### WHAT THE TASK REQUIRES
In the entries below, find the line with "Decals Goods Water" and transcribe it and every line after it exactly, through the last line, without pictures.

### DATA
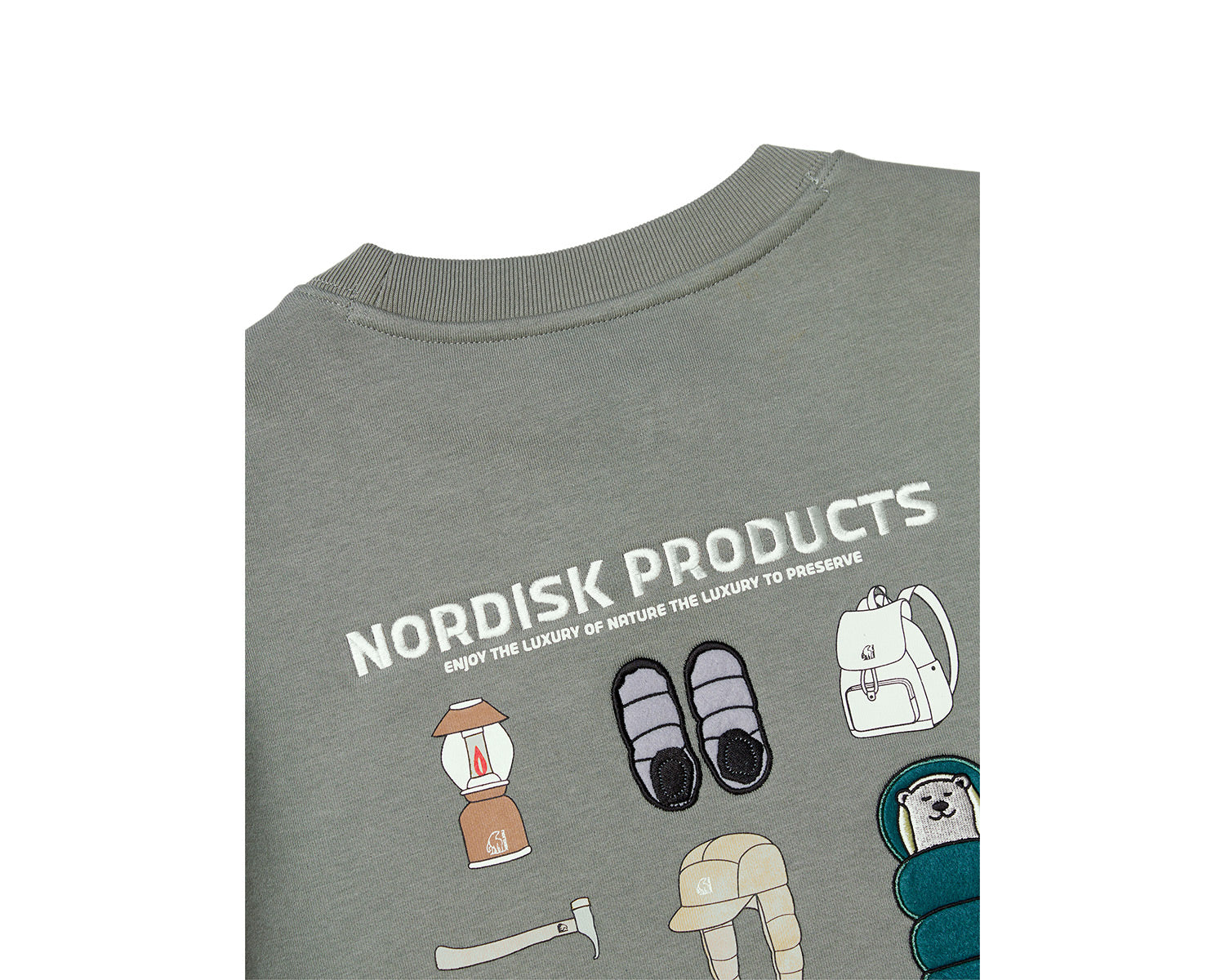 Camping Bear Back Brushed Sweatshirt Unisex - Jade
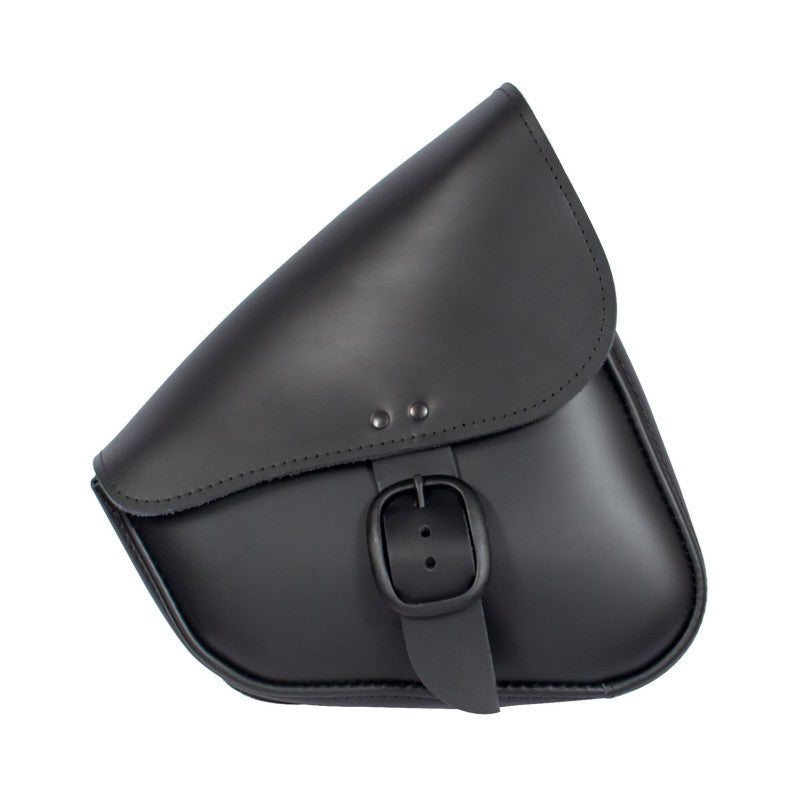 Willie & Max HD Sportsters Leather Swingarm Bag with Dual Shock Fit - Black with Matte Black Buckles Part #59906-00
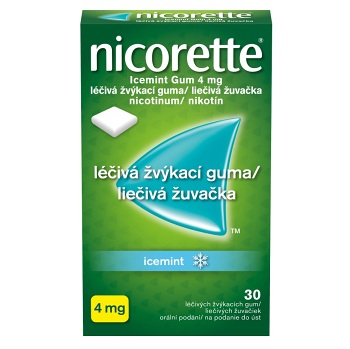 NICORETTE Icemint Gum 4 mg liečivé žuvačky 30 ks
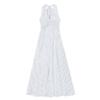 Gentle Wind Striped Bow Neck V-neck Dress Women's Summer Seaside Vacation A-shaped Dress French Temperament Long Dress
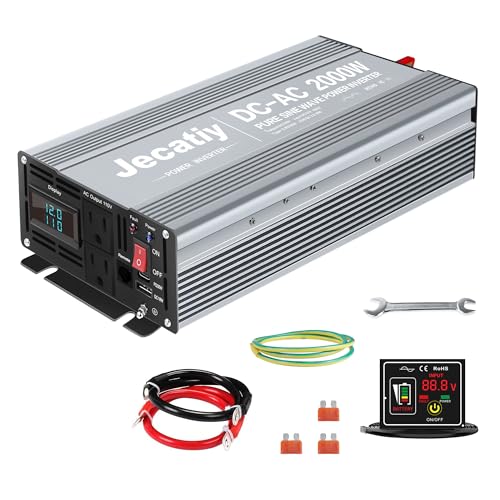 Jecatiy Wechselrichter, 2 AC 2000 W, reiner Sinus-Wechselrichter, konvertiert DC 12 V auf AC 110 V 120 V, USB 18 W und 30 W Typ-C Ladeanschlüsse, Solar-Wechselrichter für LKW, Haus, Fahrzeug von Jecatiy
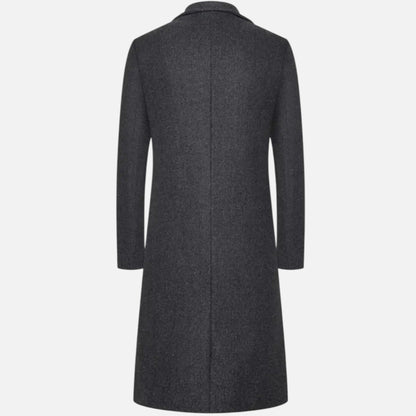 Knee-length single-breasted coat with notched lapel for men | Dorian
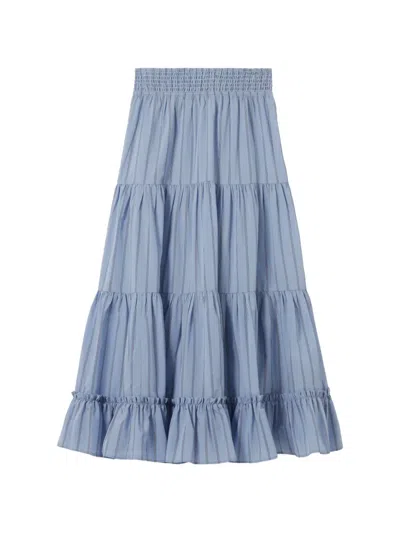 Claudie Pierlot Striped Ruffled-tiers A-line Skirt In Blue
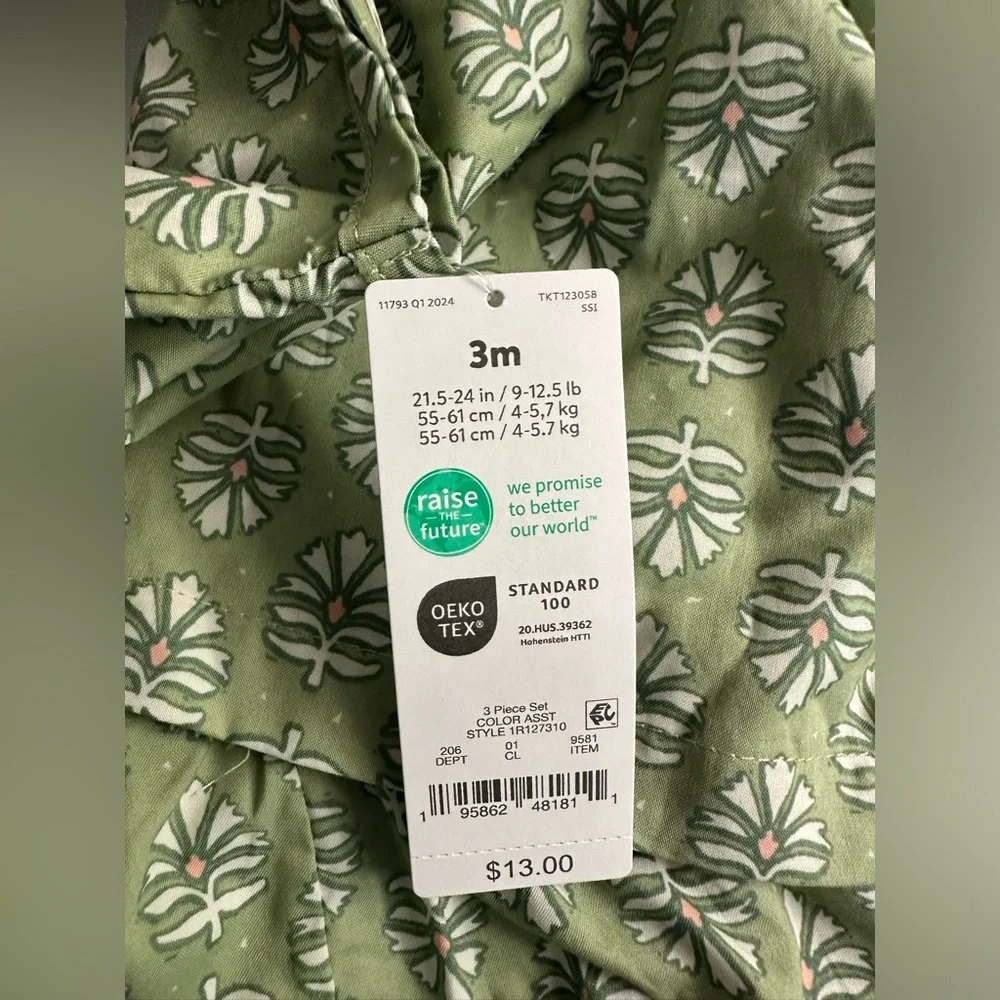 Carter's Olive Green Floral Diaper Cover Set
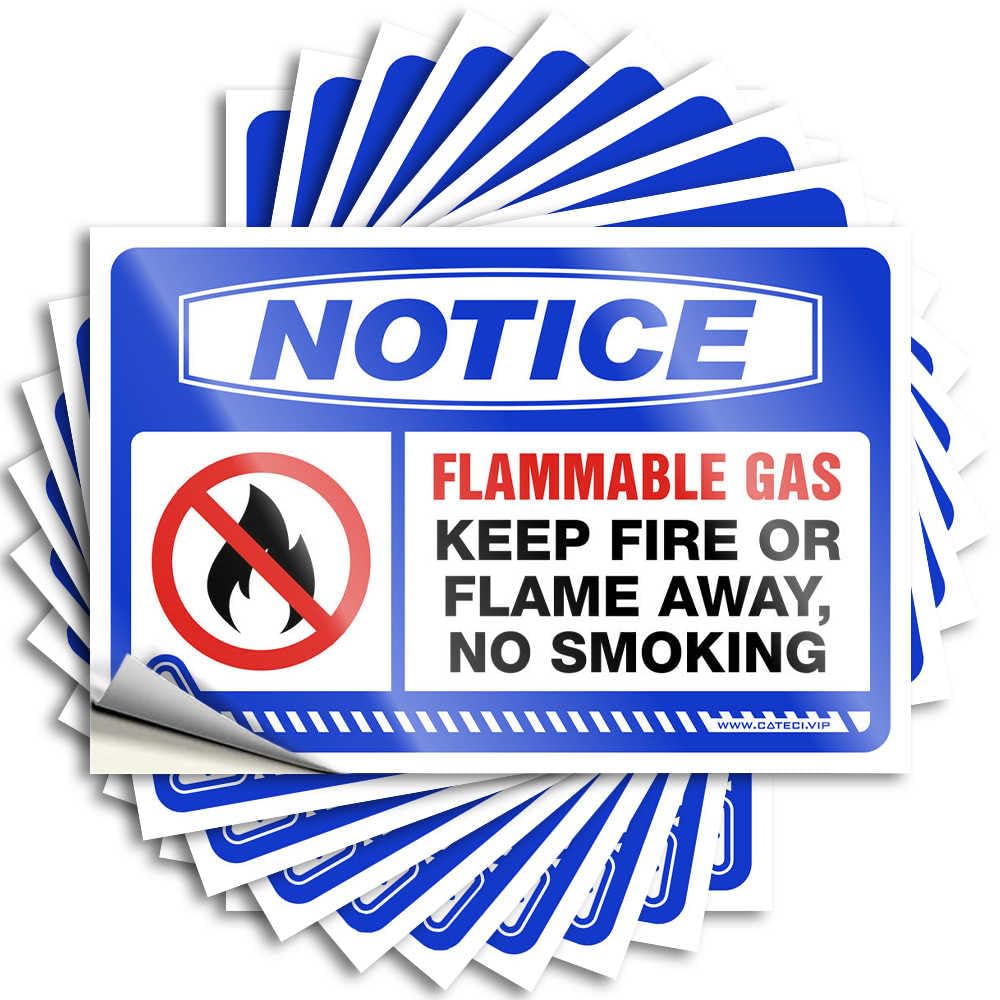 Decals Goods Water Reading Hat Notice Flammable Gas - Keep Fire Or Flame Away, No Smoking - Scratch Resistant Stickers(12X18CM)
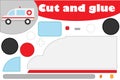 Ambulance in cartoon style, education game for the development of preschool children, use scissors and glue to create the applique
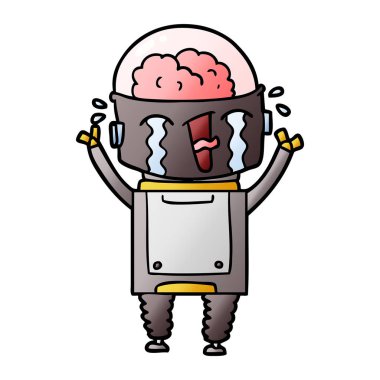 vektör çizim robot ağlıyor çizgi film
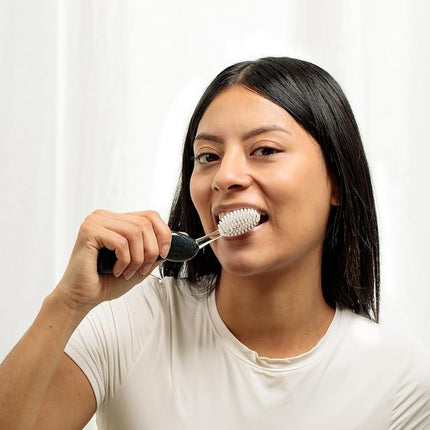 RADIUS Toothbrush Big Brush with Replaceable Head, Left Hand, Soft in Coral Sparkle, BPA Free and ADA Accepted, Designed to Improve Gum Health and Reduce The Risk of Gum Disease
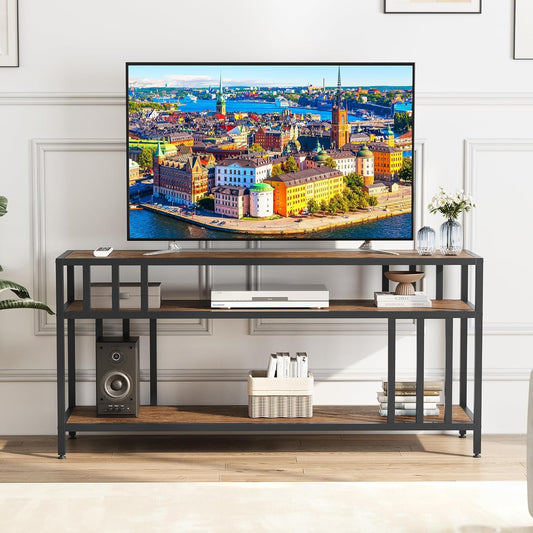 Garvee 58" TV Stand for Television up to 65 Inch, Entertainment Center with 3-Tier Open Shelves, TV Media Console Table Quadruple-Tube Support for Living Room, Entryway, Rustic Brown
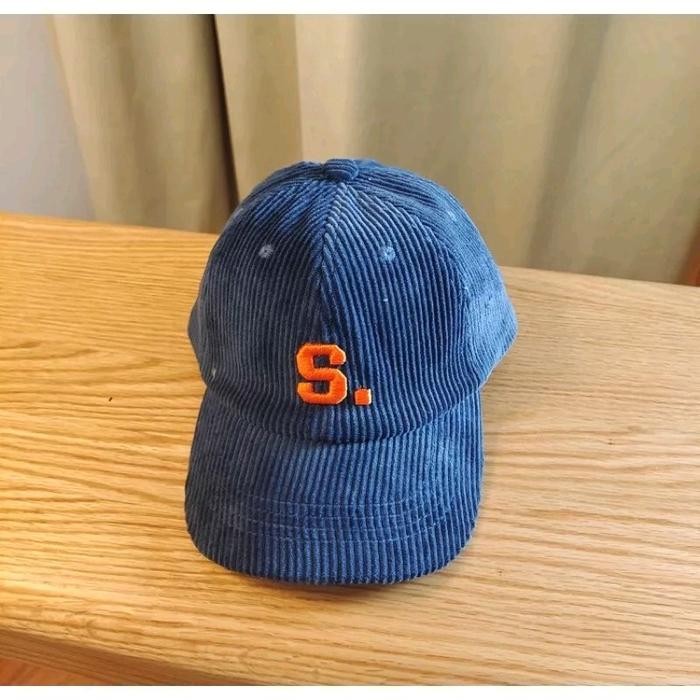 3-10 tahun | IMPORT | Topi Baseball Keren Corduroy Inisial Nama Huruf Letter S Anak Laki Perempuan P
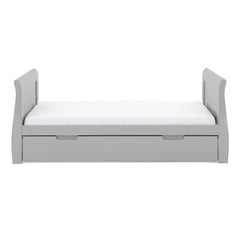 Obaby Stamford Sleigh Cot Bed with Drawer (Warm Grey) - side view, shown here as the junior bed (mattress and bedding not included, available separately)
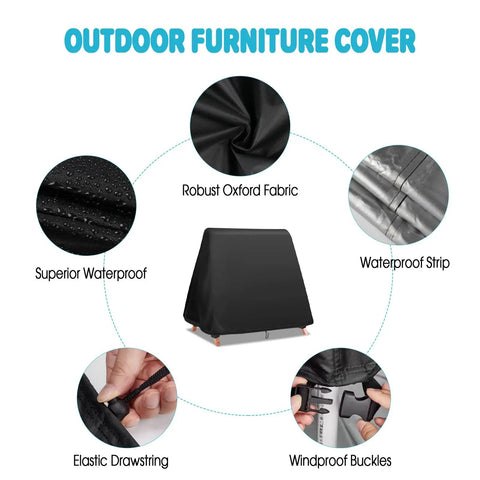 Waterproof A Frame Swing Cover For 72 Inch Porch Swings Glider Hammocks windproof with drawstring buckles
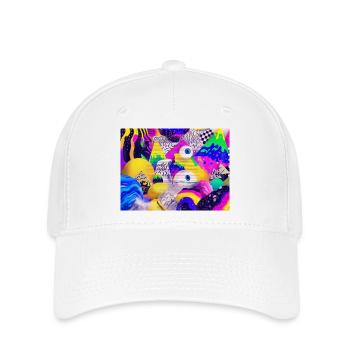 Bunte Psychedelic Geometry Illustration - Flexfit Cap - Weiß - Vorne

### OUTPUT
 Decals Goods Water Reading Hat Notice Flammable Gas - Keep Fire Or Flame Away, No Smoking - Scratch Resistant Stickers(12X18CM)
 Ambulance in cartoon style, education game for the development of preschool children, use scissors and glue to create the applique
 vektör çizim robot ağlıyor çizgi film
 RADIUS Toothbrush Big Brush with Replaceable Head, Left Hand, Soft in Coral Sparkle, BPA Free and ADA Accepted, Designed to Improve Gum Health and Reduce The Risk of Gum Disease
 Garvee 58" TV Stand for Television up to 65 Inch, Entertainment Center with 3-Tier Open Shelves, TV Media Console Table Quadruple-Tube Support for Living Room, Entryway, Rustic Brown
 3-10 tahun | IMPORT | Topi Baseball Keren Corduroy Inisial Nama Huruf Letter S Anak Laki Perempuan P
 Obaby Stamford Sleigh Cot Bed with Drawer (Warm Grey) - side view, shown here as the junior bed (mattress and bedding not included, available separately)
 Waterproof A Frame Swing Cover For 72 Inch Porch Swings Glider Hammocks windproof with drawstring buckles
 Bunte Psychedelic Geometry Illustration - Flexfit Cap - Weiß - Vorne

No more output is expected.